W 2007 roku, gdy po raz pierwszy ujawniono plany podwyżki akcyzy, popyt na LPG spadł o 0,4 proc., do 2 mln 440 tys. ton. Dotyczy to nie tylko paliwa do samochodów, ale także gazu w butlach i zbiornikach, czyli stosowanego do ogrzewania i gotowania. W ocenie specjalistów z Polskiej Organizacji Gazu Płynnego, na spadek sprzedaży gazu w butlach i do przydomowych zbiorników miała też wpływ łagodniejsza zima oraz rozwój sieci gazociągowych.
Sytuacja na rynku autogazu również nie wygląda zbyt optymistycznie. Od dwóch lat sprzedaż tego paliwa jest w miarę stabilna. Podobnie jest z usługami montażu urządzeń LPG do samochodów. Liczba aut na gaz wzrosła w ubiegłym roku tylko o 70 tys. sztuk, do 2 mln 50 tys.
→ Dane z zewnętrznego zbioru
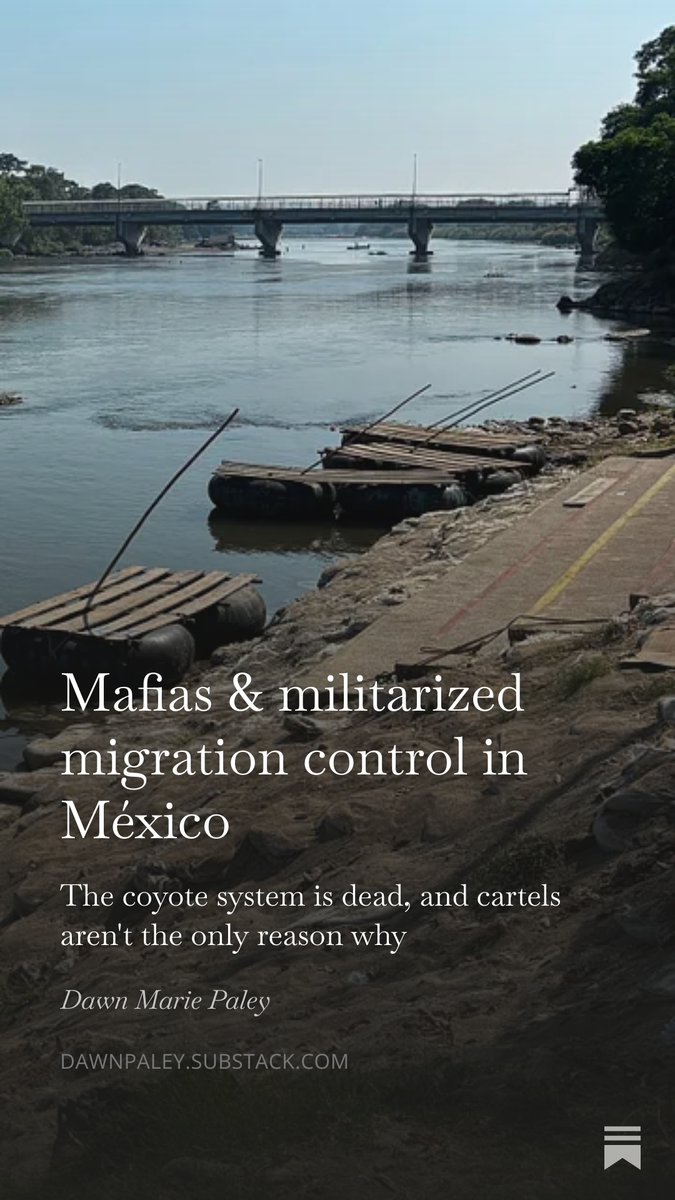 dawn_'s tweet photo. Some thoughts on how I think we might better understand why mafias are increasingly controlling migration routes in México... https://t.co/q8LHH3Anq4 https://t.co/aadGVRMcM3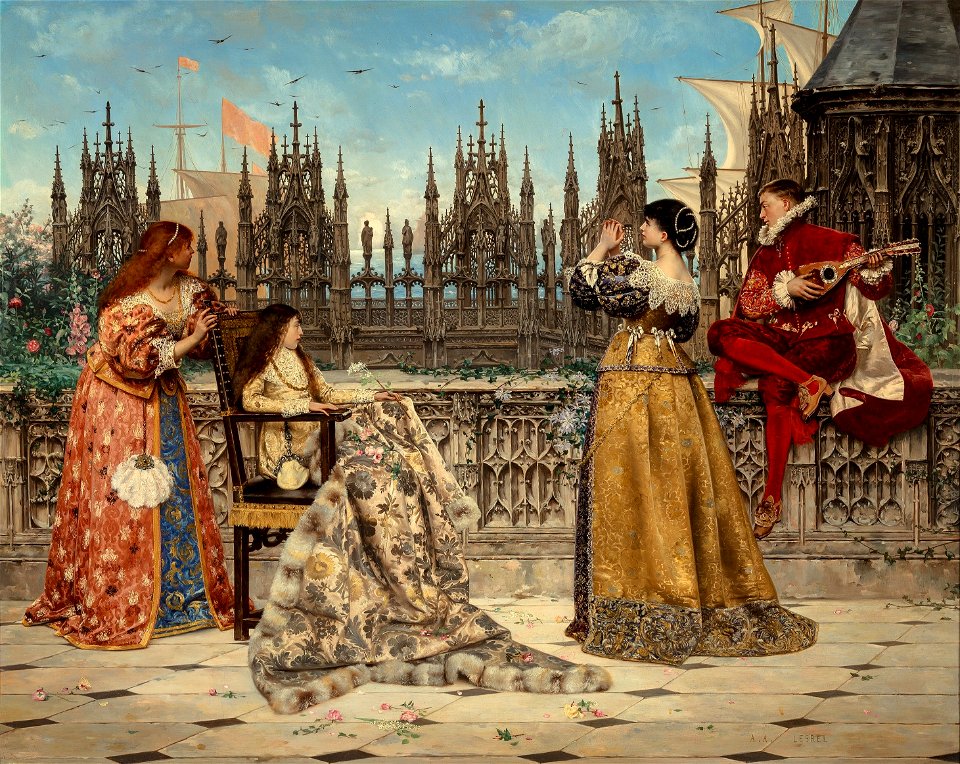 The Return of the Fleet by Adolphe Alexandre Lesrel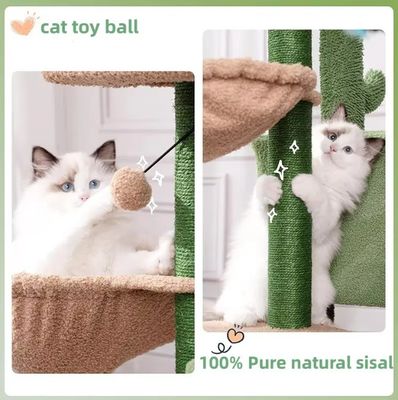 Gato rascando casa juguete pequeño gato verde árbol cactus gatito rascador para gatos de interior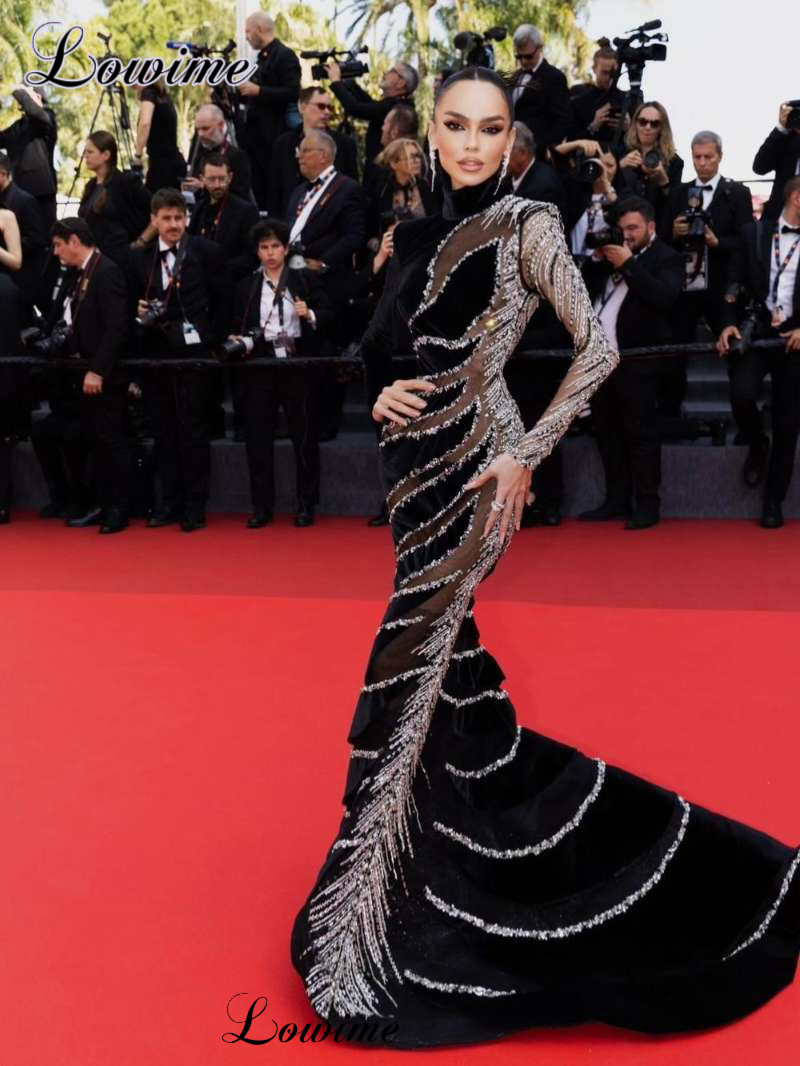 High Fashion Black Celebrity D - Vintage Fashion Runway ulasan dan harga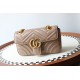 GUCCI GG Marmont Mini Shoulder Bag - Taupe Leather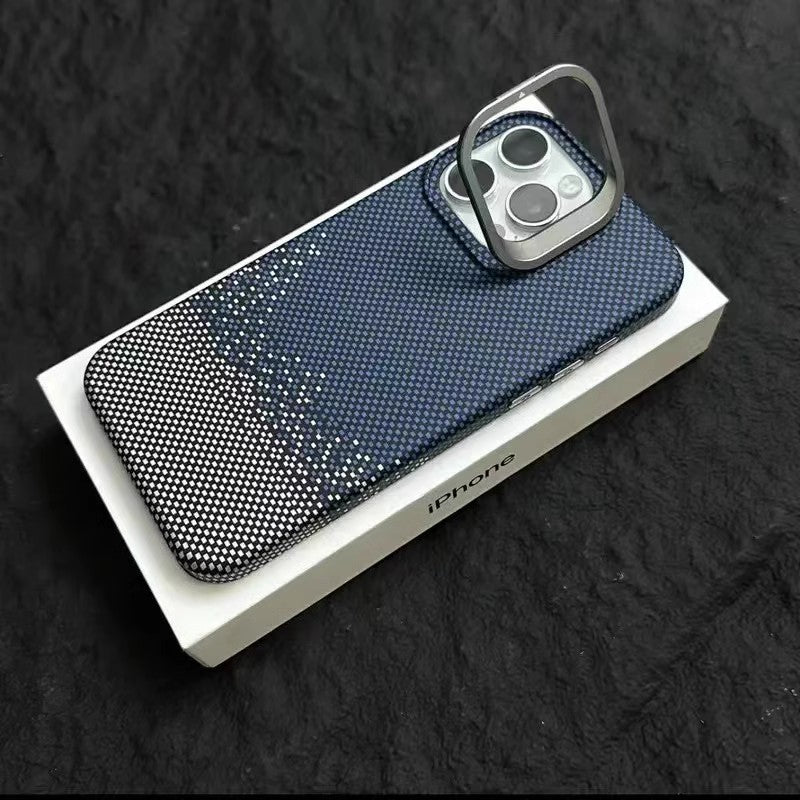 Woven Pattern Autumn & Winter Solid Color Drop-Resistant iPhone Case - HZ Mobile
Zarejestrowano 210 tys. nowych instalacji autogazowych, ale na złom trafiło 140 tys. pojazdów zasilanych tym paliwem. Zużycie LPG przez przeciętny samochód spadło o 10 proc., do 892 kilogramów (1 kg to 1,78 litra). Odpowiada to rocznemu przebiegowi rzędu 15 tys. kilometrów przy spalaniu 10 litrów na 100 kilometrów.
W ostatnich latach nasz kraj stał się europejskim liderem w wykorzystaniu gazu płynnego (LPG) do zasilania samochodów. Po naszych drogach jeździ prawie dwukrotnie więcej takich aut niż we Włoszech. Wcześniej co roku pojawiało się ponad 200 tys. kolejnych samochodów zasilanych gazem.
Zdecydowana większość z nich to były pojazdy używane, ale koncerny coraz częściej proponują instalacje gazowe w nowych modelach. Oferowany jest system tzw. sekwencyjnego wtrysku gazu. Niemal w całości eliminuje on problemy z nierówną pracą silnika, niekontrolowanymi wybuchami w kolektorach ssących i nieprzyjemnym zapachem w samochodzie.